In School Administrator Richard Rothstein takes a look at housing segregation and schools making two important points. First, some residential segregation is a result of deliberate public policy choices – for instance the siting of housing projects. And, second, we don’t do a very good job talking about or teaching this history. Yet while the issues he raises are important there are a few problems that complicate a simple narrative and really make any remedies challenging.
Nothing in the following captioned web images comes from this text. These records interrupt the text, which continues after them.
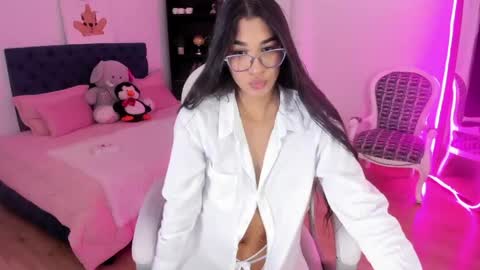 dana_paula online show from April 22, 11:51 am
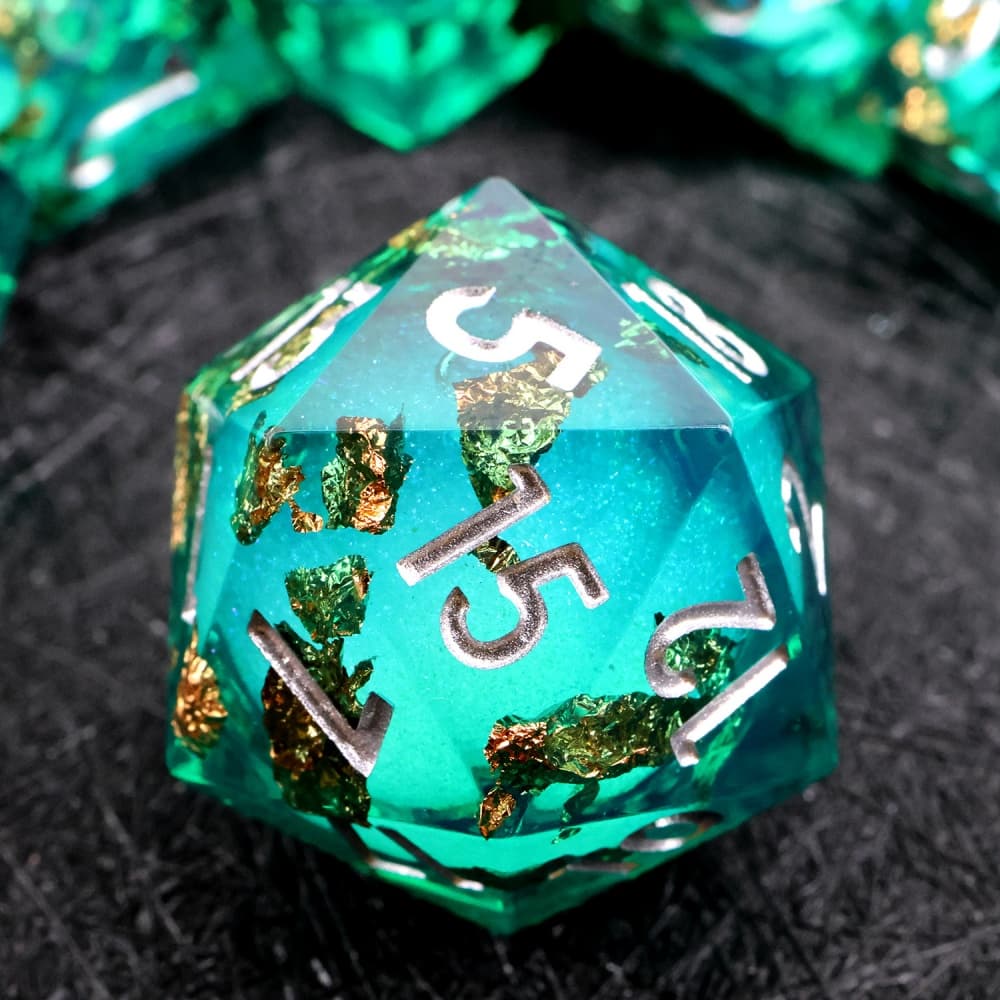 Resin-dice-Liquid2-3.jpg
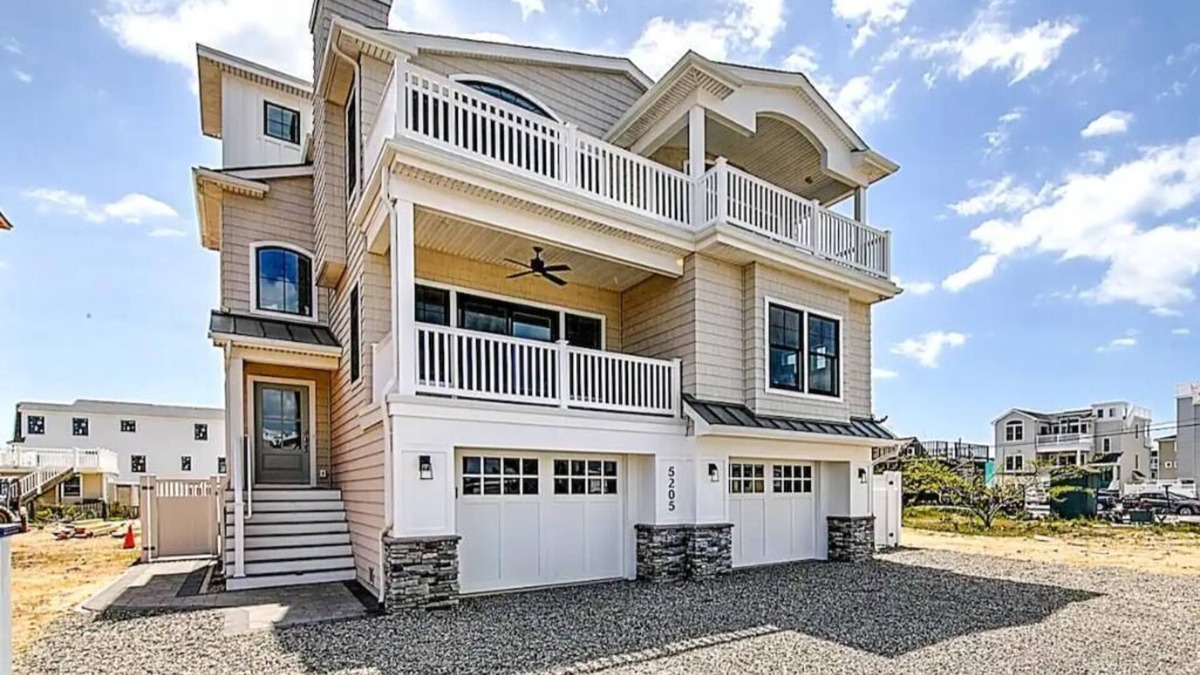 Holgate Apartment | Beautiful Bay Views with gorgeous sunsets. 5 Bdr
1) For starters, while there is certainly much to dislike about housing policy (and many other public policies where race is concerned) even in places where progressive housing ideas were tried and the schools ended up more integrated on the surface there is still a great deal of segregation within the schools. There is plenty of data on this but DC area wonks need only jump in their car. Reston, Virginia the famed planned community (disc – where I grew up) offers an example of this issue. Housing projects in Reston were integrated within the rest of the planned community (although all the usual politics existed as this was being done) and still all the standard challenges around underrepresentation of low-income and minority students in gifted or AP classes and overrepresentation elsewhere persisted. This points up two issues. First, the debate about what happens within schools versus what happens outside of schools is a false one. It’s generally both although most advocates tend to address one or the other and interest groups have a vested interest in only focusing on one aspect of a complicated problem. Second, any remedies here have to involve more than just moving kids around. What happens in school is instrumental. That’s where school reform comes in.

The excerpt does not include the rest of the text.